La veille de son inhumation déjà, à l’étape de Bandjoun où un grand hommage lui a été rendu à la place des fêtes, Victor Fotso, son compagnon de toujours en politique comme dans le monde des affaires, a fait un témoignage poignant. Dans un style de narration pathétique dont lui seul détient le secret, le maire de Bandjoun a retracé leur cheminement commun pendant près de 50 ans. Il a rappelé les qualités intrinsèques du défunt, notamment dans la prise de certaines décisions qui ont engagé la vie de la nation pendant les années de braises au Cameroun. Les yeux larmoyants, Victor Fotso lui a souhaité un bon voyage sans retour pour l’éternité.
Alors que le cortège funeste s’ébranle en direction du caveau familial où il va entamer le dernier voyage de celui qu’on appelait affectueusement ici « le père » ou encore « joker », le visiteur ne peut s’empêcher de se remémorer l’ascension fulgurante de cet opérateur économique hors pair, issu de la vieille école. C’est précisément à cette période de prospérité que l’entrepreneur dont certaines sources situent la surabondance financière entre 1955 et 1986, acquiert l’hôtel Akwa Palace à Douala. Embouteillage de vins, biscuiterie, immobilier, rien n’échappe au « business tycoon » Sohaing qui trône alors à la tête de la compagnie Soudanaise. Il est alors le représentant exclusif des vins et spiritueux de marques françaises au Cameroun et dans de nombreux pays africains. Les succès s’accumulent et, c’est sans grande surprise qu’il accède au cercle fermé des entrepreneurs économiques les plus fortunés du Cameroun. Tout comme l’image de l’homme, le «sémiologue» aux tournures idiomatiques dont il avait seul le secret passe en boucle dans les esprits. Lui qui aimait à répéter : «je suis fier d’être le maire des intellectuels». Tout comme l’homme ne cachait pas sa posture vis-à-vis des manifestations des années de braise. Dans la sphère politique locale, tous ou presque se remémorent cette position que l’homme a assumé jusqu’au bout : «En 1990 certains demandaient la conférence nationale, moi j’ai demandé un district pour Bayangam».

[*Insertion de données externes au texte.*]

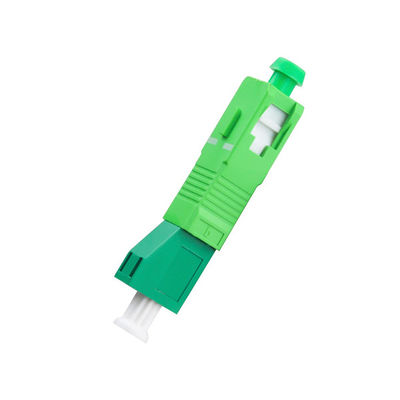 comprare Maschio monomodale di Hybird SC/APC dell'adattatore del connettore della fibra di FTTH a LC/APC 9/125um femminile fabbricazione online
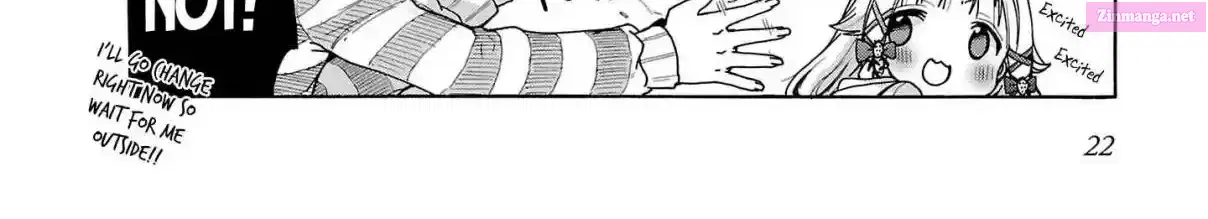 Nee Nee. Ano ne, Chapter 2 page 9 -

Maire de Bayangam depuis 1996 (il a rempilé en 2002, 2007 et 2013), il savait donner un sens aux couleurs de sa chapelle politique. Entrepreneur économique et homme politique accompli, André Sohaing est né le 21 janvier 1933 à Bayangam. Après des études primaires, il quitte son village natal à l’âge de 10 ans pour Douala. Très jeune, il est déjà mordu par le virus des affaires. Commence alors une longue collaboration avec les commerçants grecs qui tiennent alors l’essentiel des commerces de la ville. Plutôt doué, il se lance d’abord dans le commerce ; puis, l’importation de marchandises. Notamment dans le domaine de l’agroalimentaire. Il intègre le secteur de l’hôtellerie en 1977. Intronisé compagnon de Beaujolais, nommé commandant du Grand conseil de Bordeaux, chevalier du Coteau de champagne en 1988, ce n’est pas du tout un hasard si tous ces grands noms arrosent les palais asséchés des milliers de personnes venus rendre un dernier hommage à ce grand homme que Bayangam politique et le Cameroun, voire le Monde des affaires n’oubliera probablement jamais.